The involvement of the elite CTS marks the start of a phase of urban combat in a city where in 2004 US forces fought some of their toughest battles since the Vietnam War.
The week-old operation had previously focused on retaking rural areas around Fallujah, which lies just 50 kilometres (30 miles) west of Baghdad.
It had been led by the Hashed al-Shaabi paramilitary force, which is dominated by Tehran-backed Shiite militias.
They were still in action Monday, attempting to clear an area northwest of Fallujah called Saqlawiya, officers said.
Only a few hundred families have managed to slip out of the Fallujah area ahead of the assault on the city, with an estimated 50,000 civilians still trapped inside, sparking fears the jihadists could try to use them as human shields.
The only families who were able to flee so far lived in outlying areas, with the biggest wave of displaced reaching camps on Saturday night.
"Our resources in the camps are now very strained and with many more expected to flee we might not be able to provide enough drinking water for everyone," said Nasr Muflahi, the Norwegian Refugee Council's Iraq director.
"We expect bigger waves of displacement the fiercer the fighting gets." In Amriyat al-Fallujah, a government-controlled town to the south of the extremist stronghold, civilians trickled in, starving and exhausted after walking through the countryside for hours at night, dodging ISIS surveillance.

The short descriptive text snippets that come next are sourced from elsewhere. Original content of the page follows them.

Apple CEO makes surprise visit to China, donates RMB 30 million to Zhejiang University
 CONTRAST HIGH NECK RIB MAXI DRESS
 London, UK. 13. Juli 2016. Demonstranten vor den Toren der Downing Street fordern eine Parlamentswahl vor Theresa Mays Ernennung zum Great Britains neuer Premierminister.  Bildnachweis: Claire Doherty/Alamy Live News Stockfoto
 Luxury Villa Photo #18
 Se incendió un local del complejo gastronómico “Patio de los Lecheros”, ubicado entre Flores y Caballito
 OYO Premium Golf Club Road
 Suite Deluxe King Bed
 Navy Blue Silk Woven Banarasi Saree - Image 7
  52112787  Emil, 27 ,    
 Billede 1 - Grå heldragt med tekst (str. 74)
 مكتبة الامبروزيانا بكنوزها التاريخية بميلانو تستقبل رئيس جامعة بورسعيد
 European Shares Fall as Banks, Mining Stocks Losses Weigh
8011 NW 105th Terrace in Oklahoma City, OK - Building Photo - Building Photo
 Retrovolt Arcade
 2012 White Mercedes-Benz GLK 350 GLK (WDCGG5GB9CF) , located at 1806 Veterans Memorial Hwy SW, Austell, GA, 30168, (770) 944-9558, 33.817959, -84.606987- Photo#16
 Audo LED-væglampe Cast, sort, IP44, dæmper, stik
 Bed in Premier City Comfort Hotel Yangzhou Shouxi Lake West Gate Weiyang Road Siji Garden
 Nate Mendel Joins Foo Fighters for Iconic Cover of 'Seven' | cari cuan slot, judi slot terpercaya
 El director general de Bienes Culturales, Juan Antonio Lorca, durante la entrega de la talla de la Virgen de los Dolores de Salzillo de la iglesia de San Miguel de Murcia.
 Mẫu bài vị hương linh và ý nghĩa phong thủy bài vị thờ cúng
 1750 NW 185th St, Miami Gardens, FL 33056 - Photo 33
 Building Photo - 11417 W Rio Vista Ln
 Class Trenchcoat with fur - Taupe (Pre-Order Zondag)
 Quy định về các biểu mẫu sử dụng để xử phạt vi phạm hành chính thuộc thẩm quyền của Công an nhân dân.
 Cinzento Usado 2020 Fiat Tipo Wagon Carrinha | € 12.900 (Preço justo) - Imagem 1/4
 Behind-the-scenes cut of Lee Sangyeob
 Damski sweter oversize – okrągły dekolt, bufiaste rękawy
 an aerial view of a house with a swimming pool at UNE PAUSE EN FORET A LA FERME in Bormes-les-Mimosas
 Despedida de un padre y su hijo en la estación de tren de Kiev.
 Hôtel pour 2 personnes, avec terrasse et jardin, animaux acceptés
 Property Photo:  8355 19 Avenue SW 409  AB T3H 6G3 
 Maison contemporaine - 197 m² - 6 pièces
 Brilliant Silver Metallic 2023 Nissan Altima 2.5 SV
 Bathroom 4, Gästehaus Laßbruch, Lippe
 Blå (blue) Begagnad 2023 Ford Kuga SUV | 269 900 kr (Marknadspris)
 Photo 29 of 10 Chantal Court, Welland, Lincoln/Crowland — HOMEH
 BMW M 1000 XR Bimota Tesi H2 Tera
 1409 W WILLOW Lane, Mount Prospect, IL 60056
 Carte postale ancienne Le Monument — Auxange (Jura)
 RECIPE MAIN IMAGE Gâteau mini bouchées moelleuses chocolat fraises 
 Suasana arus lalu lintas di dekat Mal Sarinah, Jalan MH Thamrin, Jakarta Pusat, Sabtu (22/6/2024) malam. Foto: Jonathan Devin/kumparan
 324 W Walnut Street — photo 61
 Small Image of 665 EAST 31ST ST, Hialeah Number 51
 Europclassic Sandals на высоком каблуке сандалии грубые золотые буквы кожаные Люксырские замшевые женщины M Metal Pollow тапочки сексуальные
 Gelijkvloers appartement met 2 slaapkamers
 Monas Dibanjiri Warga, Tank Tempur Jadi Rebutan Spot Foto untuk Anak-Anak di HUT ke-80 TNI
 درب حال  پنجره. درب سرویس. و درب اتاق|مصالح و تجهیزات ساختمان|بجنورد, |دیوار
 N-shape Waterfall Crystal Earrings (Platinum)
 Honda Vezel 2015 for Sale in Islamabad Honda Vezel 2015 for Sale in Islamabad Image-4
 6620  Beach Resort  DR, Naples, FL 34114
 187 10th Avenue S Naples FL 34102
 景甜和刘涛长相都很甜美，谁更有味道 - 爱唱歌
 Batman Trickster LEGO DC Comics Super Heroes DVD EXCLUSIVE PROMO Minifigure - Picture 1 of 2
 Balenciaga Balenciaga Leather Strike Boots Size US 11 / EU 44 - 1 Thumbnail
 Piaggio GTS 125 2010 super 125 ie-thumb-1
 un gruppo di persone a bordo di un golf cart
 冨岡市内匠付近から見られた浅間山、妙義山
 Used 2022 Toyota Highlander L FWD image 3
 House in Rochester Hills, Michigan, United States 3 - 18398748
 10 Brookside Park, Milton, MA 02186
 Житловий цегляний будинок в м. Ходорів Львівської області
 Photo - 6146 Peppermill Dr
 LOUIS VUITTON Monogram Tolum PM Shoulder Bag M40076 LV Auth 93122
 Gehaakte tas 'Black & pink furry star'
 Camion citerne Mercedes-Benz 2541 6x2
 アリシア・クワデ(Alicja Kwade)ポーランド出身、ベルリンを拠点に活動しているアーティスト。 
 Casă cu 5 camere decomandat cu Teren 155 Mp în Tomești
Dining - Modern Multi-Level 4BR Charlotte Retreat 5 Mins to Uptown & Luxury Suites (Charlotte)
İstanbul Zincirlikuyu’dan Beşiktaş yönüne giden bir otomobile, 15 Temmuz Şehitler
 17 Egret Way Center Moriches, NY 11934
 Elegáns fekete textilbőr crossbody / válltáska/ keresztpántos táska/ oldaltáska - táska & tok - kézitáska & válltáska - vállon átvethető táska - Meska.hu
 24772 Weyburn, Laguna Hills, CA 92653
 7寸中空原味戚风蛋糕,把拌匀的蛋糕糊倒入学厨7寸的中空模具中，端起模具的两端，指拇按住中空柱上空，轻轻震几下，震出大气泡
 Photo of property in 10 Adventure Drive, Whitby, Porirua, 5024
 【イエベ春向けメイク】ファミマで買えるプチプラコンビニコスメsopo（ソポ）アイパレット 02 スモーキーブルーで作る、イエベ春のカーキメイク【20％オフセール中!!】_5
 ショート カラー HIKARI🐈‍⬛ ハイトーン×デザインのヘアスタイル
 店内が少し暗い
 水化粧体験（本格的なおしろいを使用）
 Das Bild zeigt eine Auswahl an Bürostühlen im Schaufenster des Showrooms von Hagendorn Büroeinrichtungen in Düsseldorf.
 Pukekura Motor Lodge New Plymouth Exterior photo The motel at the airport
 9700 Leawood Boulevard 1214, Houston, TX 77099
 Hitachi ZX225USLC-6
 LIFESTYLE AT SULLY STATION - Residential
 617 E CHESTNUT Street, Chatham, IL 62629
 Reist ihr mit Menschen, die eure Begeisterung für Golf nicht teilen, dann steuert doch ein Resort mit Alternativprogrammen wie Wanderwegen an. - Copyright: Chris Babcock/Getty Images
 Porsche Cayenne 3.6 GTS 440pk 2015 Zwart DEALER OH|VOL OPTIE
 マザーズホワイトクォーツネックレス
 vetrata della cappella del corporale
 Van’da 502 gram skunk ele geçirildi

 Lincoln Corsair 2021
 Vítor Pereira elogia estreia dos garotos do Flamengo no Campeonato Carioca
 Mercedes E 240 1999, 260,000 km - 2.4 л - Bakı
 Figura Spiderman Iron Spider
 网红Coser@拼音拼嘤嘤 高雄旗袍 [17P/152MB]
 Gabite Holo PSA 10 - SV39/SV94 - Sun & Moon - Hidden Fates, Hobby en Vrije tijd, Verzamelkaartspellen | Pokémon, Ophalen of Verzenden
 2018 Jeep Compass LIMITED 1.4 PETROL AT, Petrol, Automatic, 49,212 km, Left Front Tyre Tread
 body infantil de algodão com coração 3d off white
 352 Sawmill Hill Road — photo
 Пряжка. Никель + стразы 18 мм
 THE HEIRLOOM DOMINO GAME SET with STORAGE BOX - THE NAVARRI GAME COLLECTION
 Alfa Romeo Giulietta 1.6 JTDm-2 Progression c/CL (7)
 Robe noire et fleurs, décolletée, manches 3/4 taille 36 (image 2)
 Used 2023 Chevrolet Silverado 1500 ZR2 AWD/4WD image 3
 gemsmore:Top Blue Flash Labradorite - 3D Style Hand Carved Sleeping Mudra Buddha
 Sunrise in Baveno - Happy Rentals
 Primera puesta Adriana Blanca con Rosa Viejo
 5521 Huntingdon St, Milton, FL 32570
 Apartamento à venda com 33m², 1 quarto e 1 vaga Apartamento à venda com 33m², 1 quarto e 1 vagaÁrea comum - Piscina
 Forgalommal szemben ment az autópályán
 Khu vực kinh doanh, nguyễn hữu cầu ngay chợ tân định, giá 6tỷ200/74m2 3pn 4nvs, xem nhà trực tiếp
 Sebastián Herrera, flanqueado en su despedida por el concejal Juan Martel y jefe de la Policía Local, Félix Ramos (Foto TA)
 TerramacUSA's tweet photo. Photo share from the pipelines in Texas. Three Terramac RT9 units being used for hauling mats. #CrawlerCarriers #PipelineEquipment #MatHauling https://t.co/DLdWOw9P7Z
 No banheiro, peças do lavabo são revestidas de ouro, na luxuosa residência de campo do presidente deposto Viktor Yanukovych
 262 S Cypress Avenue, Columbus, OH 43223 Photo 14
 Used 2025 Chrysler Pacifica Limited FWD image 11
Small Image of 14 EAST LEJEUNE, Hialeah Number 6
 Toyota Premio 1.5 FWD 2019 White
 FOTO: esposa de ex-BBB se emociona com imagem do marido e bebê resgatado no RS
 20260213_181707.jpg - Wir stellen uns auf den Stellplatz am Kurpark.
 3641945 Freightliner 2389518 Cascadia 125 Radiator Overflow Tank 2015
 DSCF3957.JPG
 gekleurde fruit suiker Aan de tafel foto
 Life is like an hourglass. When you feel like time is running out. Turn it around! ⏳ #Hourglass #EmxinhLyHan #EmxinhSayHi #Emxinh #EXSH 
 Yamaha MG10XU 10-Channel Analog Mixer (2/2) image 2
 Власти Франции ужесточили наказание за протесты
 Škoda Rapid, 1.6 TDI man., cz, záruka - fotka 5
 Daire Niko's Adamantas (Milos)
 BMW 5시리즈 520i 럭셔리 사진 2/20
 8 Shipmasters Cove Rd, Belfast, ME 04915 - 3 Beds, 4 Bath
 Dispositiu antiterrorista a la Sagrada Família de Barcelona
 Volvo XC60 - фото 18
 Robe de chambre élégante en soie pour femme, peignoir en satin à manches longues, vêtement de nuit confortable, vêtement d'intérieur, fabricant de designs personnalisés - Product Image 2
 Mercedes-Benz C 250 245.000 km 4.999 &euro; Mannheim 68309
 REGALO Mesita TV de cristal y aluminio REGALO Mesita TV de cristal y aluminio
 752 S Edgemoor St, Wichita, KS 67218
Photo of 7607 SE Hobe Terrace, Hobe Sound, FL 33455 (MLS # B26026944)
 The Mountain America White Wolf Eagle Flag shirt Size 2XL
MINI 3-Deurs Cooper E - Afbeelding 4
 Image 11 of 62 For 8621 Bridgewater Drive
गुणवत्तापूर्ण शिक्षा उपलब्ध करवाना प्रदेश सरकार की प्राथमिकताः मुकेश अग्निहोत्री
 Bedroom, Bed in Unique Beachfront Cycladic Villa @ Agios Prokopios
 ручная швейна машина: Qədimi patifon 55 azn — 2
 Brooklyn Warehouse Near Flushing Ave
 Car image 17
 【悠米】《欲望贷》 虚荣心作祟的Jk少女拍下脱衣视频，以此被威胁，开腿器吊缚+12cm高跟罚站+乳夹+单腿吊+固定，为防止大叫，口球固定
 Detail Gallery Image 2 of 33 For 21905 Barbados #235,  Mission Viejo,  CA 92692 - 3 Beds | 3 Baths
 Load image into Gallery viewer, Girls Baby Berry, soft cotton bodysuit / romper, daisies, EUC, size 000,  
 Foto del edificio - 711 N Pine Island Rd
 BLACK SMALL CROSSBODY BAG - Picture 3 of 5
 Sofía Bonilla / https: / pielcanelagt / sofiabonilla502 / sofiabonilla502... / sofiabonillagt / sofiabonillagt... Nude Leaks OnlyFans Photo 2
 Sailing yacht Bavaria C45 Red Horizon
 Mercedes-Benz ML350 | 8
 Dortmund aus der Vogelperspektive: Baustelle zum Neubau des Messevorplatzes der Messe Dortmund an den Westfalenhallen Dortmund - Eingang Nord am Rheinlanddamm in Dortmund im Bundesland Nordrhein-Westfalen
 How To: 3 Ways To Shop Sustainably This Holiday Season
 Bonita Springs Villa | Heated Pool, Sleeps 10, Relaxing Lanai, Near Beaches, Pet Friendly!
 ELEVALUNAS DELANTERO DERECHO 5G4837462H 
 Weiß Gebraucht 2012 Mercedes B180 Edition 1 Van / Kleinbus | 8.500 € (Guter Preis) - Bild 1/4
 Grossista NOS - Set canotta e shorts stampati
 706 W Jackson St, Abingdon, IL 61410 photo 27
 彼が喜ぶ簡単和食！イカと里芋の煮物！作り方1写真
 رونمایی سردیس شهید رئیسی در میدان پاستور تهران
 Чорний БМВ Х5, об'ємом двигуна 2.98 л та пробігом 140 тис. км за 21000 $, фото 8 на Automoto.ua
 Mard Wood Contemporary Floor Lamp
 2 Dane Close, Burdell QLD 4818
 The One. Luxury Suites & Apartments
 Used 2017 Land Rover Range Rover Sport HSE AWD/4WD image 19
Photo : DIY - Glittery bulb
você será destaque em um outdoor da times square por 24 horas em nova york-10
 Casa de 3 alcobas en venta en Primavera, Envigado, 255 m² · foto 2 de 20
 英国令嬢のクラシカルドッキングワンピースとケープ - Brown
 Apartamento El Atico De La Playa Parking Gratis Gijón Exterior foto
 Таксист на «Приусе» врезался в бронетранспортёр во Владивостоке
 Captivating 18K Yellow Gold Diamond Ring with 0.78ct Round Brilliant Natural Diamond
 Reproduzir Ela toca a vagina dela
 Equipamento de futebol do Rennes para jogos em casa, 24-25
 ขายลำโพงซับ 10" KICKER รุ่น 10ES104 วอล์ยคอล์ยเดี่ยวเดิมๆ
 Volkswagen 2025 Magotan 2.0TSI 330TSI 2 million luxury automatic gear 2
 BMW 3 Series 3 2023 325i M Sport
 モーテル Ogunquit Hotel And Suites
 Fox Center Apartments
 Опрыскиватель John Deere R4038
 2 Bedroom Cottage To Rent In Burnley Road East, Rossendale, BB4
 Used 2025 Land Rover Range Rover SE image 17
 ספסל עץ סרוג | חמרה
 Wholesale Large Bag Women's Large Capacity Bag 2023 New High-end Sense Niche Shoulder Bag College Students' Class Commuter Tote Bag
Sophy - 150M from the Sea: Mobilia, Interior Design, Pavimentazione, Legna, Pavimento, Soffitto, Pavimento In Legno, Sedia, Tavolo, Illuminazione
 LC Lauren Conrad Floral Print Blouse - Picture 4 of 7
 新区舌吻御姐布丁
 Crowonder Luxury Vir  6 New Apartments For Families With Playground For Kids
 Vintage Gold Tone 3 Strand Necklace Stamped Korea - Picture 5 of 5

"I just decided to risk everything. I was either going to save my children or die with my children," said Ahmad Sabih, 40, who reached the NRC-run camp early on Sunday.
A senior police commander said his forces had assisted 800 civilians fleeing areas north of Fallujah on Monday.
Fallujah is one of just two major urban centres in Iraq still held by ISIS extremists.
They also hold Mosul, the country's second city and de-facto extremist capital in Iraq, east of which Kurdish-led forces launched a fresh offensive on Sunday.
The fanatics holed up in Fallujah are believed to number around 1,000.
It is not yet clear what resources ISIS is prepared to invest in the defence of Fallujah, which has been almost completely isolated for months, but the city looms large in modern jihadist mythology.
Fallujah is expected to give Iraqi forces one of their toughest battles yet but ISIS has appeared weakened in recent months and has been losing territory consistently in the past 12 months.
According to the government, the organisation that has sewn havoc across Iraq and Syria over the past two years now controls around 14 per cent of the national territory, down from 40 per cent in 2014.
However, as the "caliphate" it declared two years ago unravels, ISIS has been reverting to its old tactics of bombings against civilians and commando raids.
A fresh wave of bomb attacks claimed by ISIS struck the Baghdad area on Monday, killing 11 people in three separate blasts.
In northern Syria, clashes raged around the flashpoint town of Marea as ISIS pressed an assault on non-extremist rebels.
The ISIS onslaught has threatened tens of thousands of people, many of them already displaced from other areas, who have sought refuge in camps near the Turkish border.
Gerry Simpson, senior researcher at Human Rights Watch, told AFP 165,000 civilians were now stuck between IS fighters, Kurdish forces and the border.
"What more does the US, EU and UN need to call on Turkey to give these people refuge," he asked.
In divided Aleppo city, 15 people, including two children, were killed in the rebel-controlled eastern neighbourhoods in heavy bombardment on Monday morning, the civil defence said.